**Work request**
Skip the pictures. Retype exactly, and only, the lines between the line holding "Produktbild: 1111 Amazing" and the last line below, inclusive.

^^^^^^^^

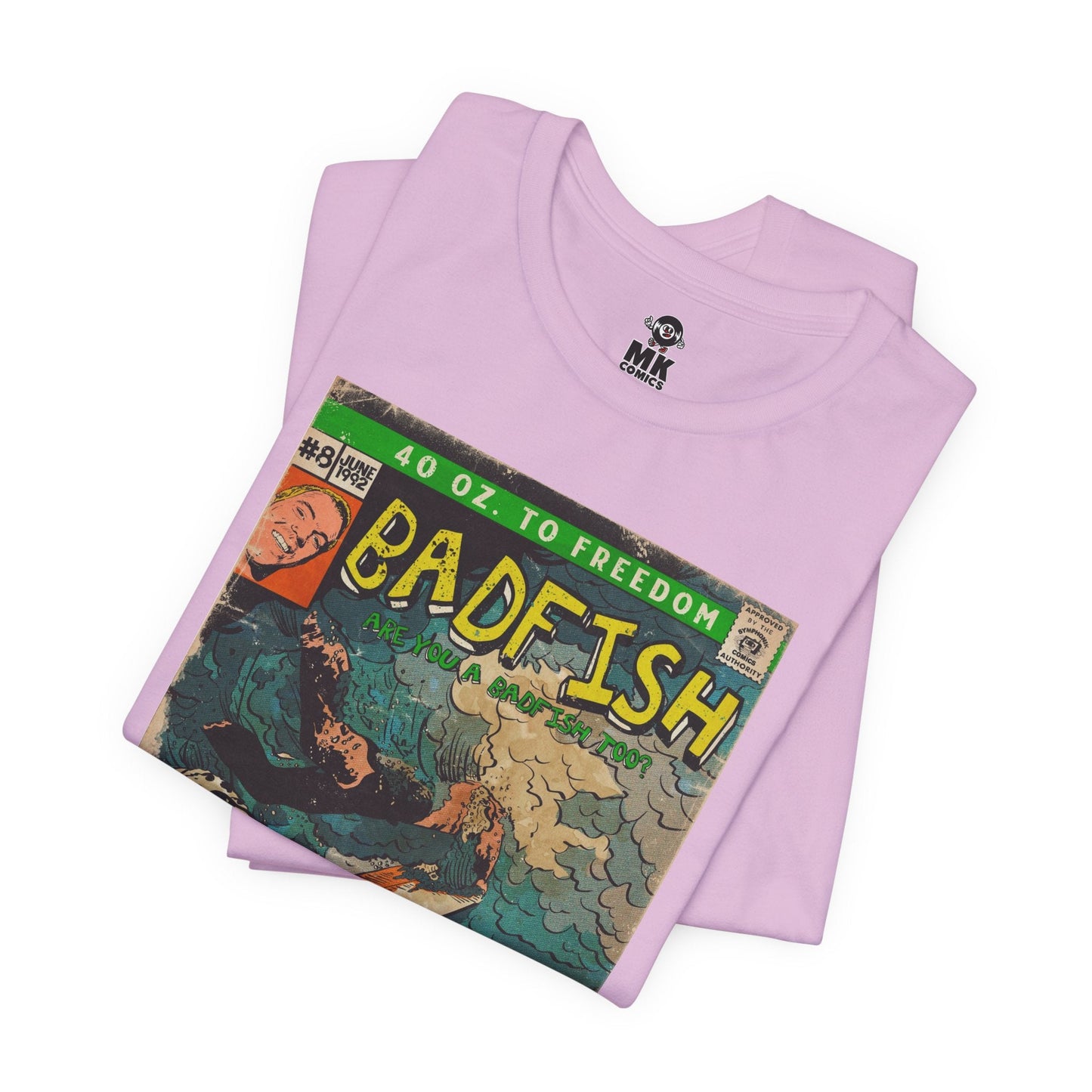 Badfish - Unisex Jersey Short Sleeve Tee
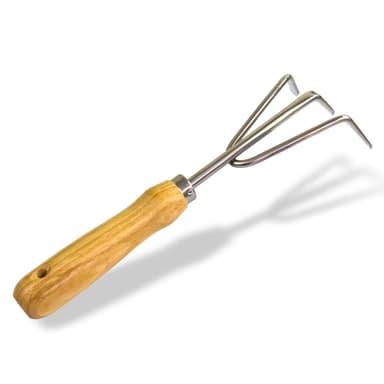 Ručný kultivátor s troma hrotmi 270 mm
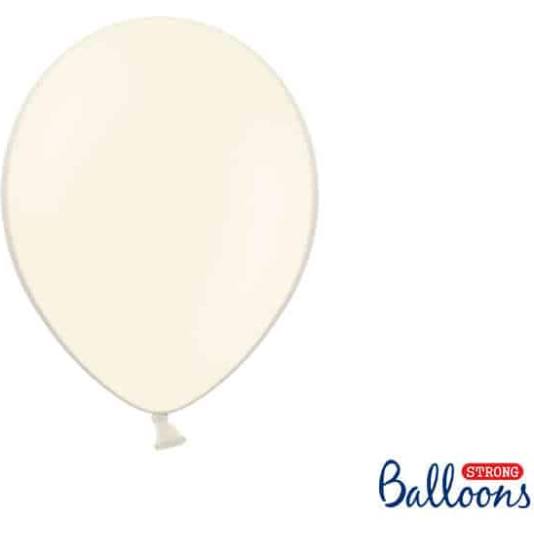 Ballonger - Krem Pastell - 10 stk (4262)
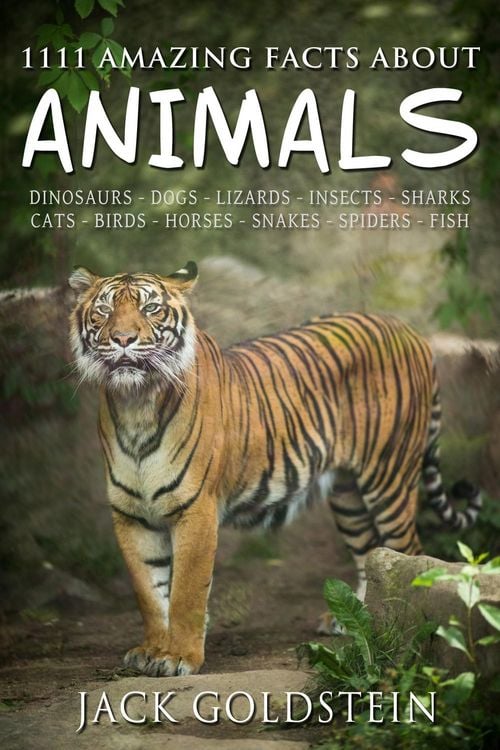 Produktbild: 1111 Amazing Facts about Animals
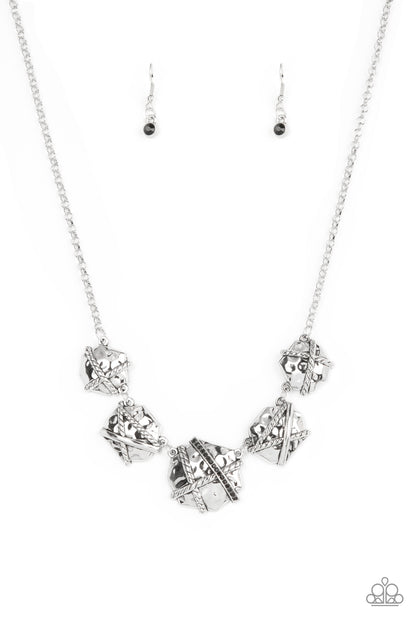Keep Guard - Black - Paparazzi Necklace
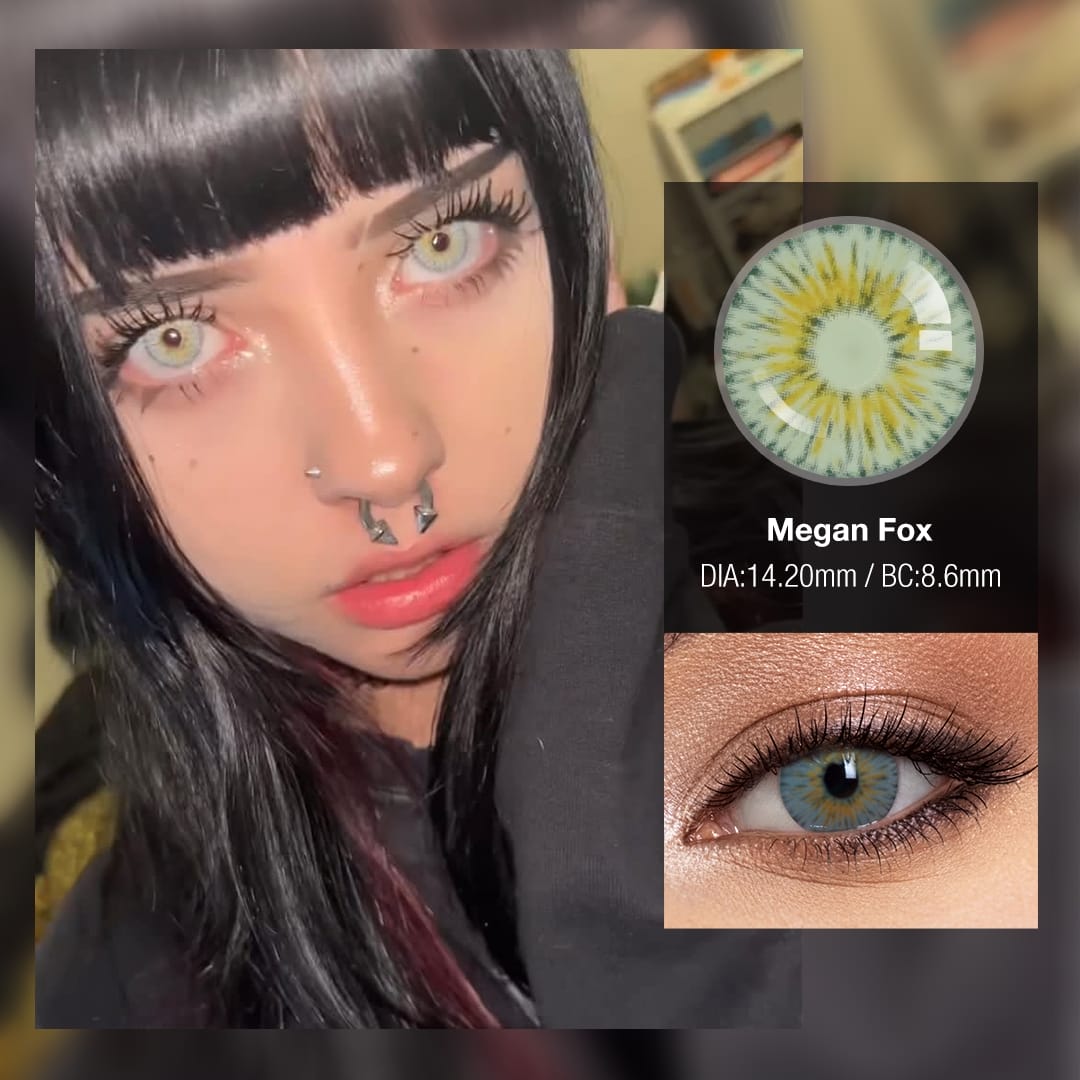 Megan Fox Contact Lenses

^^^^^^^^

**Result of this exercise**
 Produktbild: 1111 Amazing Facts about Animals
Keep Guard - Black - Paparazzi Necklace
 Megan Fox Contact Lenses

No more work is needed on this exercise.